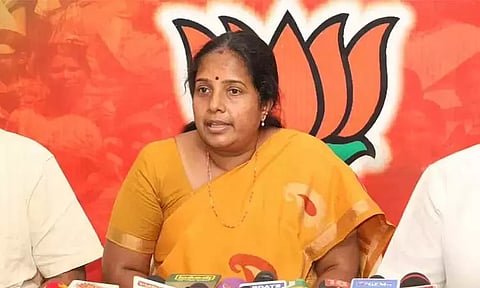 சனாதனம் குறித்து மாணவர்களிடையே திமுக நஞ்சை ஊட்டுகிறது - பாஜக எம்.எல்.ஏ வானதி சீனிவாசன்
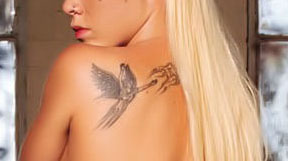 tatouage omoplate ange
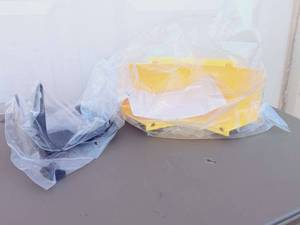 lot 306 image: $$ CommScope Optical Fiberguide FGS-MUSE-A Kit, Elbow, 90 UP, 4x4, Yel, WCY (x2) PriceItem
····················
» Assignment:
Please repeat all of the data exactly as it stands, leaving the pictures out.

» Task answer:
 சனாதனம் குறித்து மாணவர்களிடையே திமுக நஞ்சை ஊட்டுகிறது - பாஜக எம்.எல்.ஏ வானதி சீனிவாசன்
 tatouage omoplate ange
 lot 306 image: $$ CommScope Optical Fiberguide FGS-MUSE-A Kit, Elbow, 90 UP, 4x4, Yel, WCY (x2) PriceItem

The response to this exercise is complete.